Myers et al (2015)⁶ published a case report involving a 20-year-old female patient who presented for consideration of termination of an unplanned pregnancy while on XARELTO 20 mg once daily for venous thromboembolism (VTE) prevention.

• Initial ultrasound revealed the fetus was 25+ weeks gestation. XARELTO therapy was discontinued, and low molecular weight heparin was initiated.
• The patient continued regular follow-up with fetal scans which showed normal growth and no fetal abnormalities or bleeding.
• She underwent an emergency Caesarean section at 39+ weeks due to spontaneous rupture of membranes. A male baby was delivered without evidence of intracranial hemorrhage. Follow-up examinations were normal.

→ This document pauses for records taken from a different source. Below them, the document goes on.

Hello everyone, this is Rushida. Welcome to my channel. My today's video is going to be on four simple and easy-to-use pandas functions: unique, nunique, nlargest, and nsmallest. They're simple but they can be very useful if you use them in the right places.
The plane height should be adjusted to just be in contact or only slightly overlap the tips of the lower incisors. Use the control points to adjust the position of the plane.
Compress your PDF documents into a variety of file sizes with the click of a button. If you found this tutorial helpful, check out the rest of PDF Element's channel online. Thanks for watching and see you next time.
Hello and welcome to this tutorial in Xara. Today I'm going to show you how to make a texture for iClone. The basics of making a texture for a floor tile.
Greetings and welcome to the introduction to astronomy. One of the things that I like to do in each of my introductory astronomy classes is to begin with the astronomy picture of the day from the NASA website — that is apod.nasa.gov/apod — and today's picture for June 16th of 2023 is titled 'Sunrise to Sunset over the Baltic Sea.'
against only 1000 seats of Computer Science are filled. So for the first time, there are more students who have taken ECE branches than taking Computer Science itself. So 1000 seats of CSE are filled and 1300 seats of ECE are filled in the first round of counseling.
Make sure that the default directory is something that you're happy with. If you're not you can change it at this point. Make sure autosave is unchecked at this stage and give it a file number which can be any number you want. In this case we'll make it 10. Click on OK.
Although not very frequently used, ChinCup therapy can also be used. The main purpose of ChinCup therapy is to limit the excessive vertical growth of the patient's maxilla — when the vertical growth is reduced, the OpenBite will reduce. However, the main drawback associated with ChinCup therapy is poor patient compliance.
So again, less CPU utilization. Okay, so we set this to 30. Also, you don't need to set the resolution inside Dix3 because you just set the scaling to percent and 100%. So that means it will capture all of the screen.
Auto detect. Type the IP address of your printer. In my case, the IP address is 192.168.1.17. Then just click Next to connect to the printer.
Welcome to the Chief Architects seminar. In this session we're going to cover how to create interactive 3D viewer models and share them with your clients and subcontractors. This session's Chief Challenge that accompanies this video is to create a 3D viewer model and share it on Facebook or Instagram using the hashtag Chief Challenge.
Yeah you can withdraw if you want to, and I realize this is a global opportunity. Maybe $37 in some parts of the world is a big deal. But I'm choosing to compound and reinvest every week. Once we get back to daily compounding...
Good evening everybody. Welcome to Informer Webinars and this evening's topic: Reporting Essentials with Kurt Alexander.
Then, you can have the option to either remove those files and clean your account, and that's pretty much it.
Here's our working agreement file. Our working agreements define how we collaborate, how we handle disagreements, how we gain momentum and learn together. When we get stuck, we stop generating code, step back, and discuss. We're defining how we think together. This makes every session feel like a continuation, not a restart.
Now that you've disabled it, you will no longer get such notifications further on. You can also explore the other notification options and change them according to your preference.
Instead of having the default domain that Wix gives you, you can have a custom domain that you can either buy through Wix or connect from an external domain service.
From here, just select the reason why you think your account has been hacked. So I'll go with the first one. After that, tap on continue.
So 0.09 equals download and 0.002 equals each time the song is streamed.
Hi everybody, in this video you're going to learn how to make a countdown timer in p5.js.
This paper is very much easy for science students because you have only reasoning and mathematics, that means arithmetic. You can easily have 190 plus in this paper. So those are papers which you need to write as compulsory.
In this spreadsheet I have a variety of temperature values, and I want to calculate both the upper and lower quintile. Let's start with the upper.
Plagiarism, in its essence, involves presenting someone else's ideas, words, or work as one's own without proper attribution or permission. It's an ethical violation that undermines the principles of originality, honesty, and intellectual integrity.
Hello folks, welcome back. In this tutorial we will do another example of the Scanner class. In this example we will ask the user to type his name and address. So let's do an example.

Konigsbrugge et al (2014)⁷ reported a case involving a 24-year-old female who was found to be 19 weeks gestation while on XARELTO 15 mg once daily for VTE prophylaxis.

• Upon discovery of pregnancy, XARELTO therapy was immediately discontinued and replaced with low molecular weight heparin.
• Routine follow-up was conducted without anomalies. The patient delivered a male infant at 40 weeks without any complications.

LITERATURE SEARCH

A literature search of MEDLINE^®, EMBASE^®, BIOSIS Previews^®, DERWENT^® (and/or other resources, including internal/external databases) pertaining to this topic was conducted on 20 August 2024.